(Image-text web data)
__________________________________________________

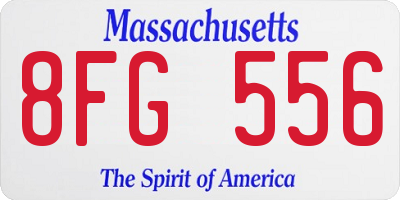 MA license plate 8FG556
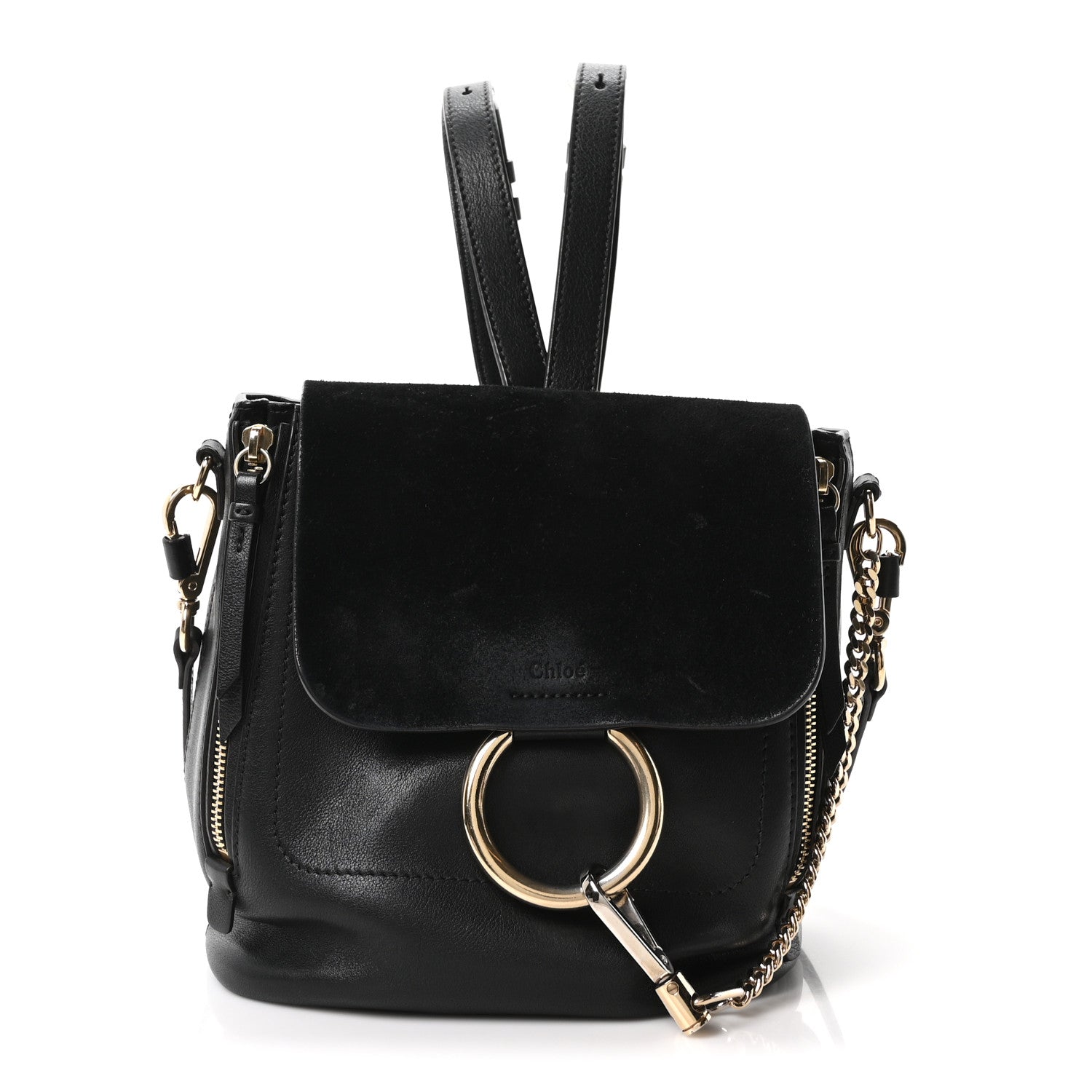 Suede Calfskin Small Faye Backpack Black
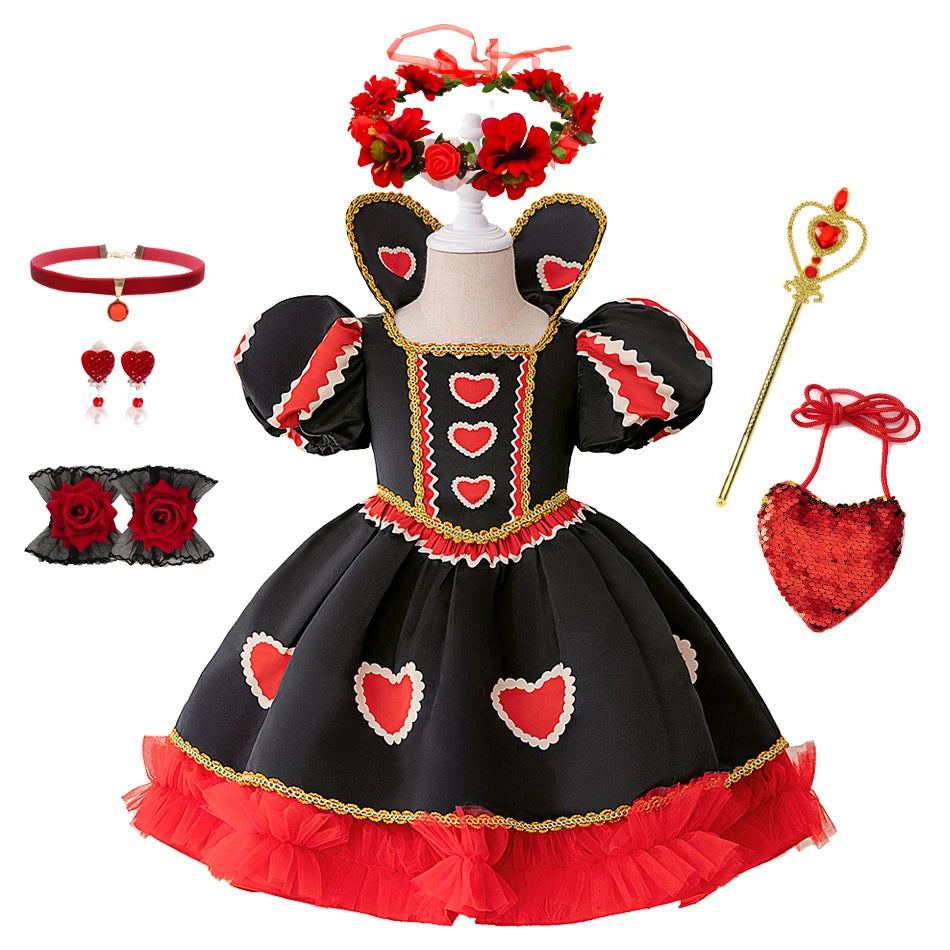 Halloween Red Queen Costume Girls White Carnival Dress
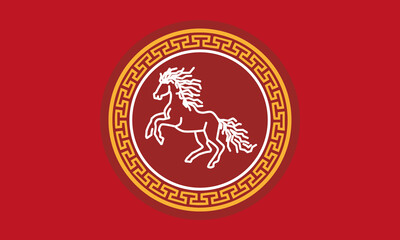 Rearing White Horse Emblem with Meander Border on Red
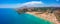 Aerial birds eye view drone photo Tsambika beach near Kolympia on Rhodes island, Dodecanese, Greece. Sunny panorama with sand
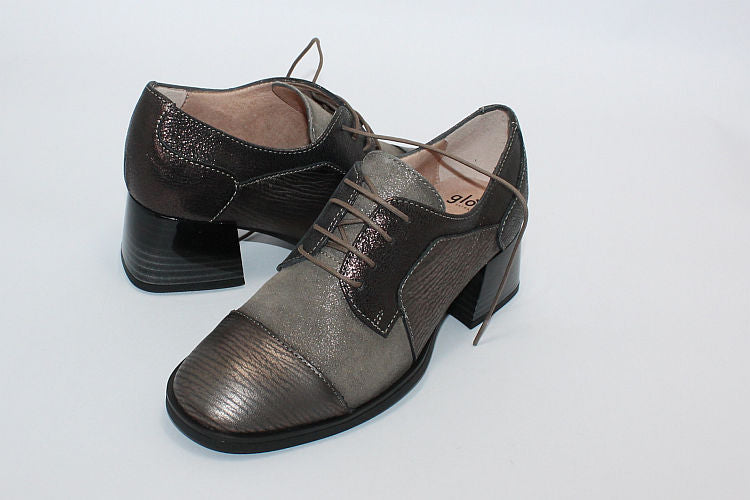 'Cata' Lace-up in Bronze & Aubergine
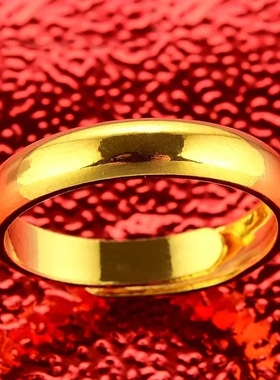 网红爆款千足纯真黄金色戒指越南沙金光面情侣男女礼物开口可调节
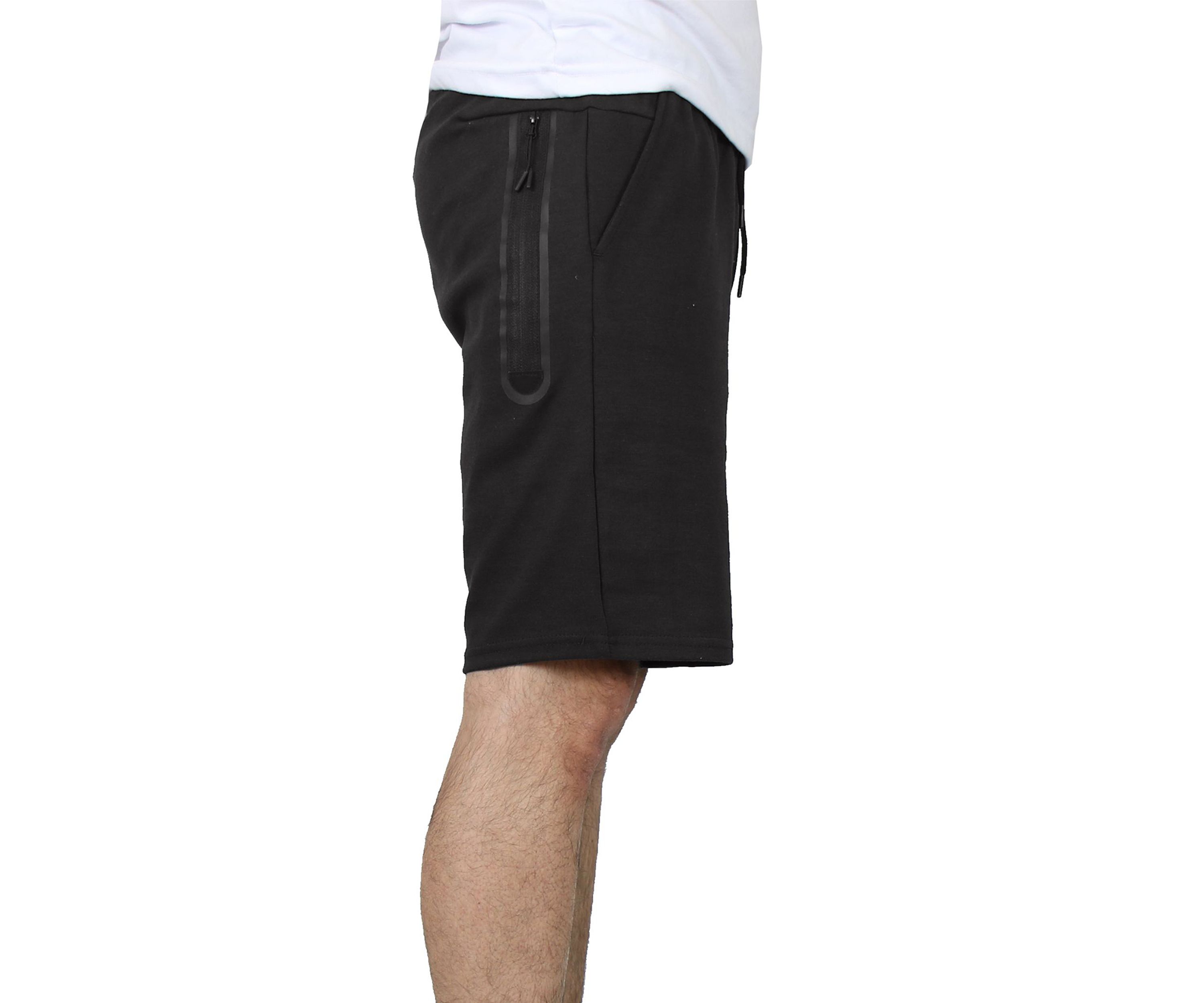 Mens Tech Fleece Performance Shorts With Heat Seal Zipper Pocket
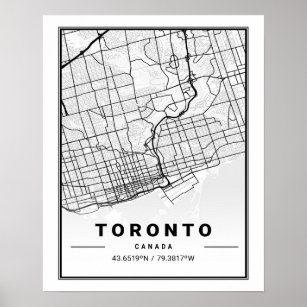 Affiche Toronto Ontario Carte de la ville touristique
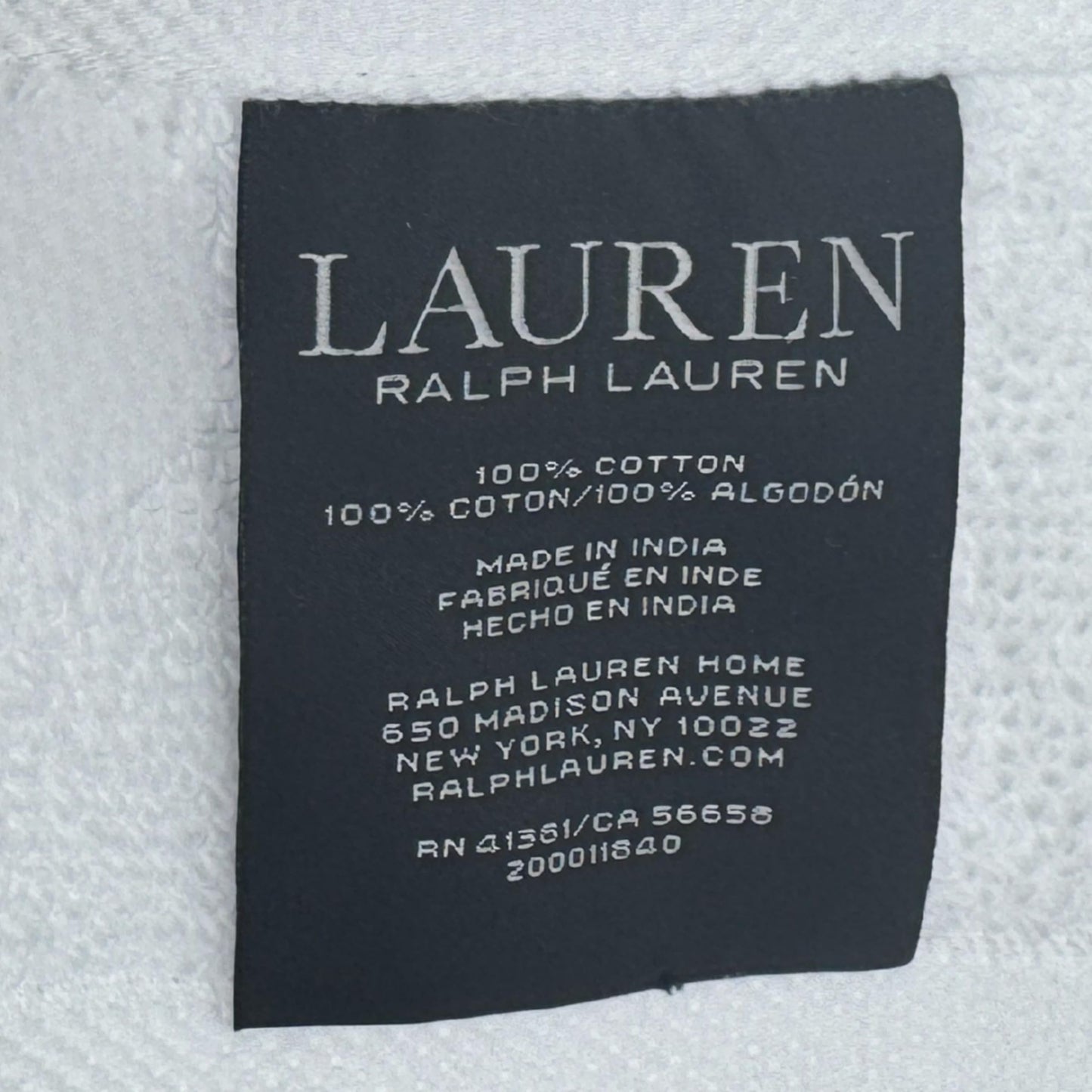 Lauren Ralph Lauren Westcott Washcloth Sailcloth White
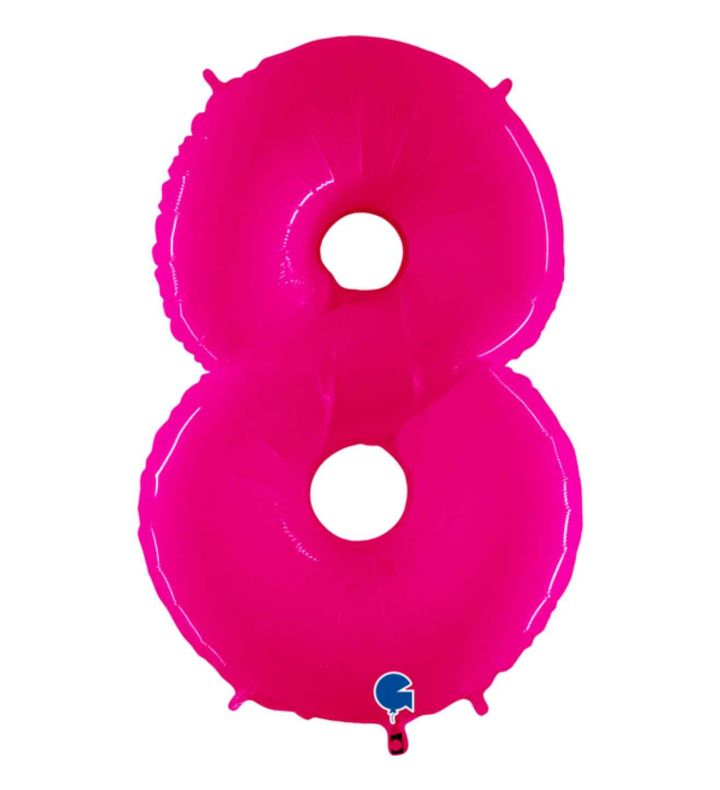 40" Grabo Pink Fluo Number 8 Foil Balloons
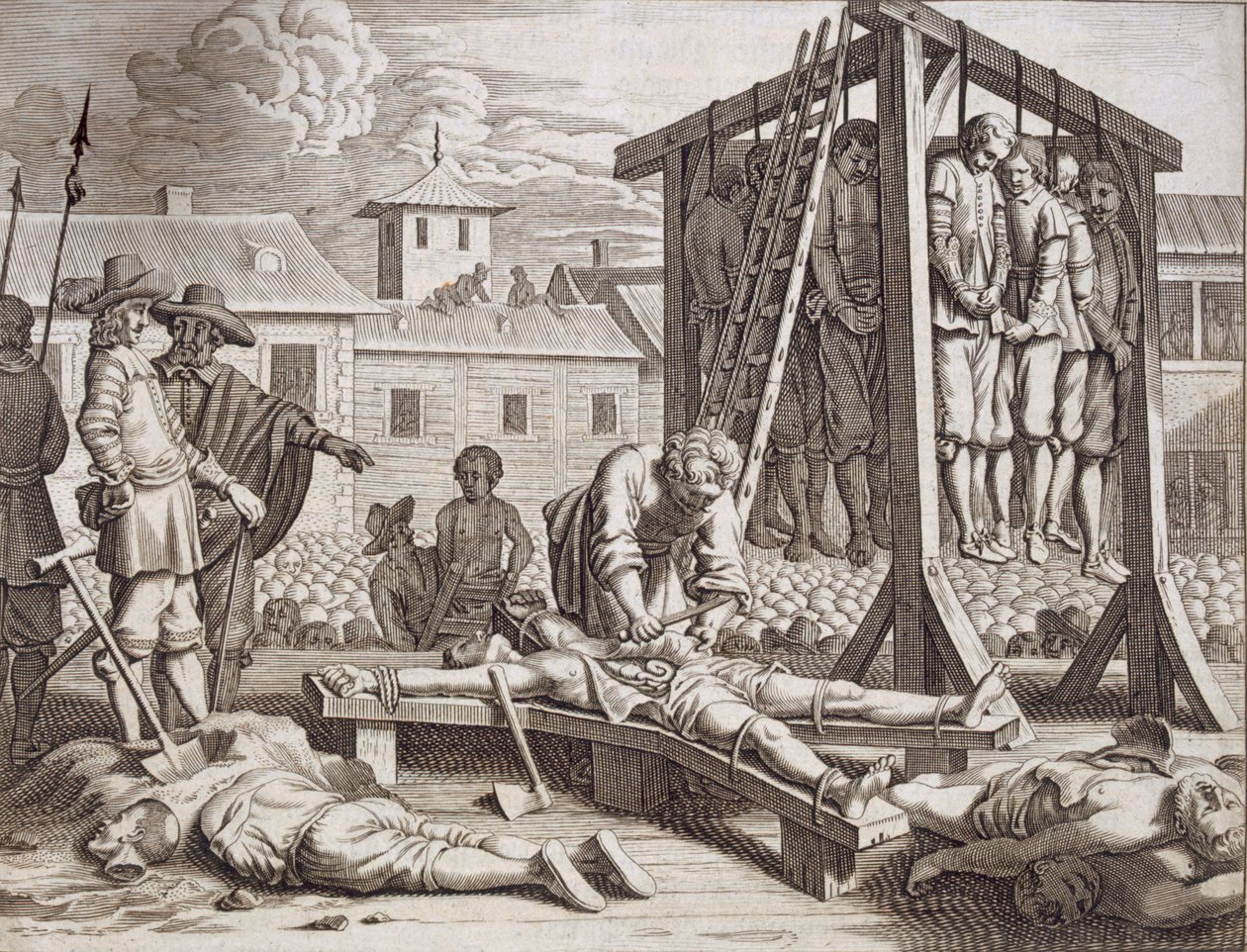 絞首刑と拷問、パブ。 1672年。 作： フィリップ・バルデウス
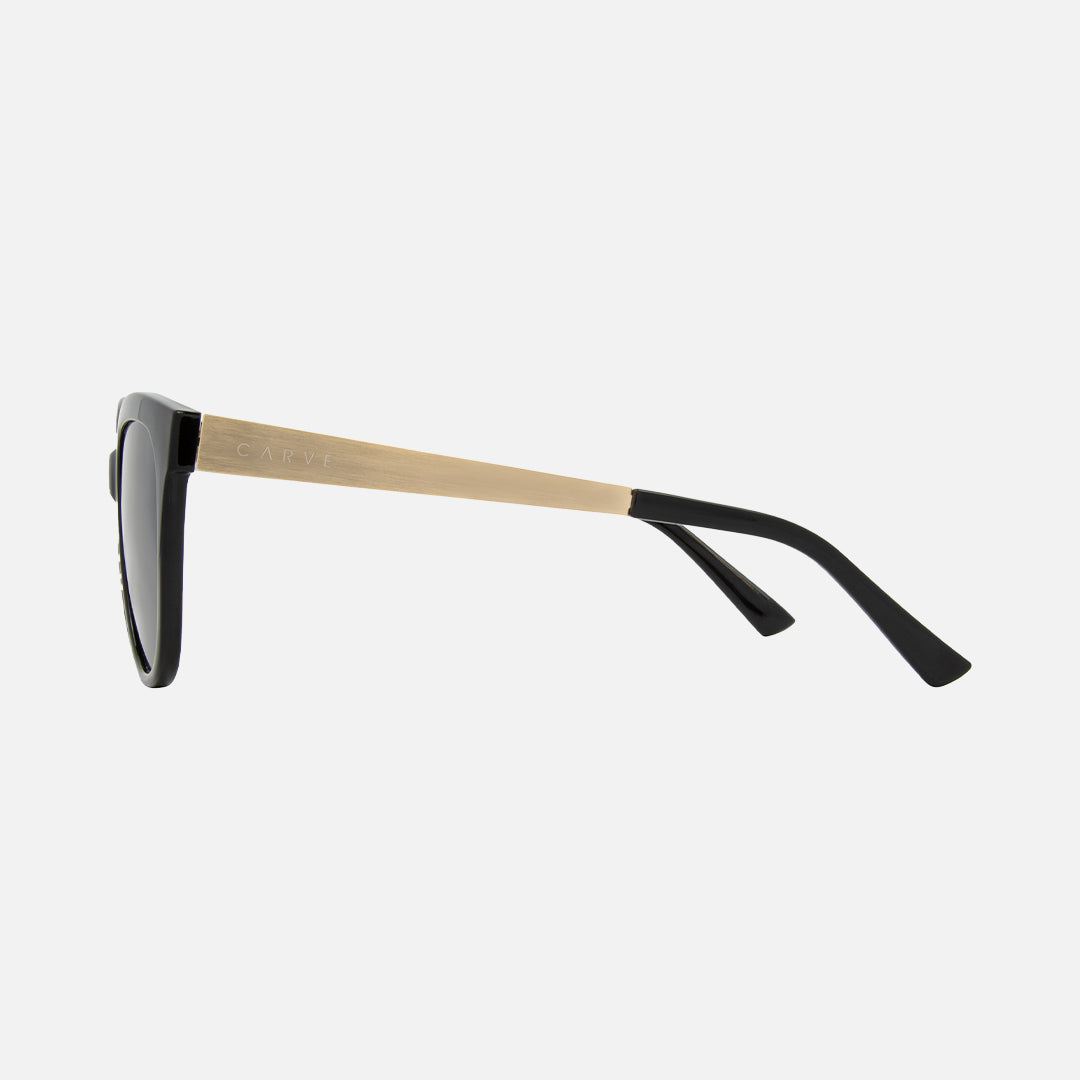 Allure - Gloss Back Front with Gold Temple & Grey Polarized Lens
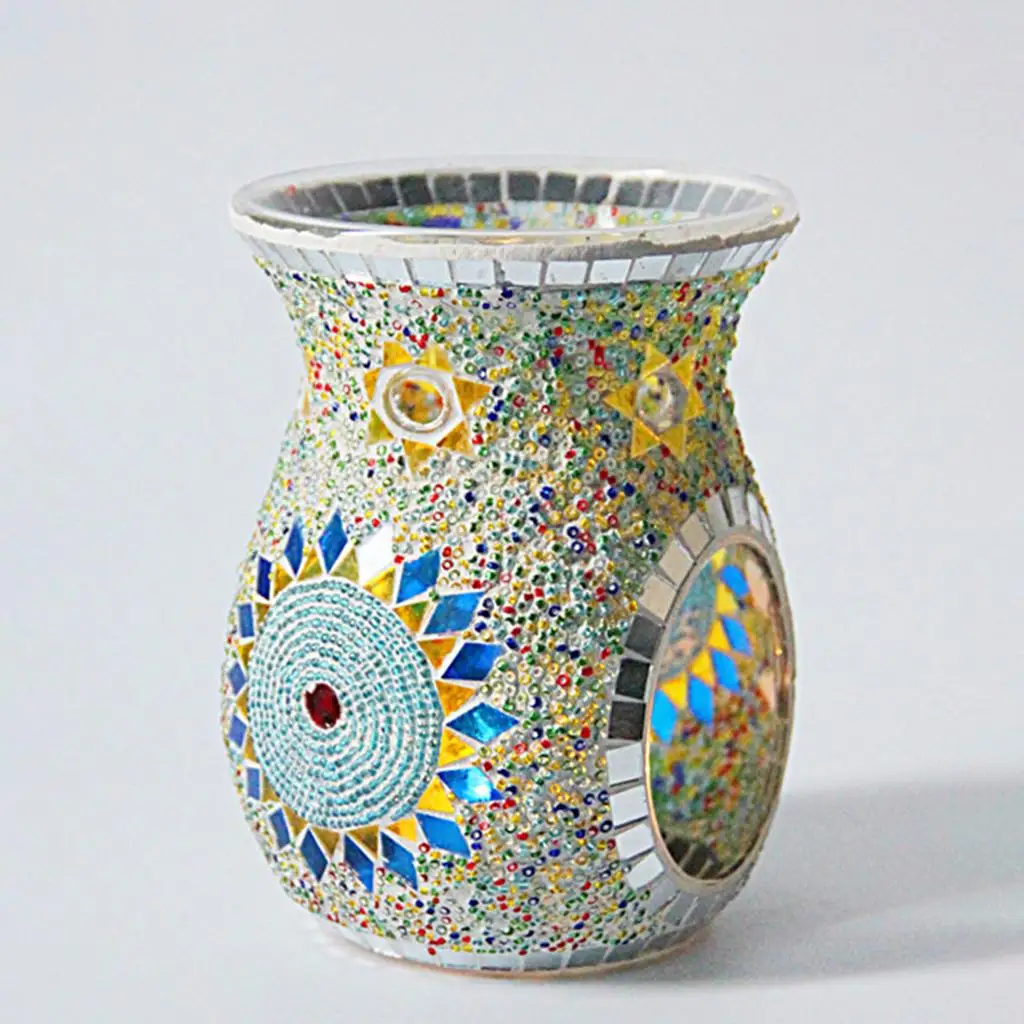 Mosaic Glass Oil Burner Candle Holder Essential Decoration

__________________________________________________

Task item: Make an exact copy of the data above, pictures excluded.

Answer space:
 MA license plate 8FG556
 Suede Calfskin Small Faye Backpack Black
 Halloween Red Queen Costume Girls White Carnival Dress
 Rearing White Horse Emblem with Meander Border on Red
 Aerial birds eye view drone photo Tsambika beach near Kolympia on Rhodes island, Dodecanese, Greece. Sunny panorama with sand
 'Cata' Lace-up in Bronze & Aubergine
 网红爆款千足纯真黄金色戒指越南沙金光面情侣男女礼物开口可调节
 Mens Tech Fleece Performance Shorts With Heat Seal Zipper Pocket
 Affiche Toronto Ontario Carte de la ville touristique
 Lauren Ralph Lauren Westcott Washcloth Sailcloth White
 40" Grabo Pink Fluo Number 8 Foil Balloons
 絞首刑と拷問、パブ。 1672年。 作： フィリップ・バルデウス
 Allure - Gloss Back Front with Gold Temple & Grey Polarized Lens
 Mosaic Glass Oil Burner Candle Holder Essential Decoration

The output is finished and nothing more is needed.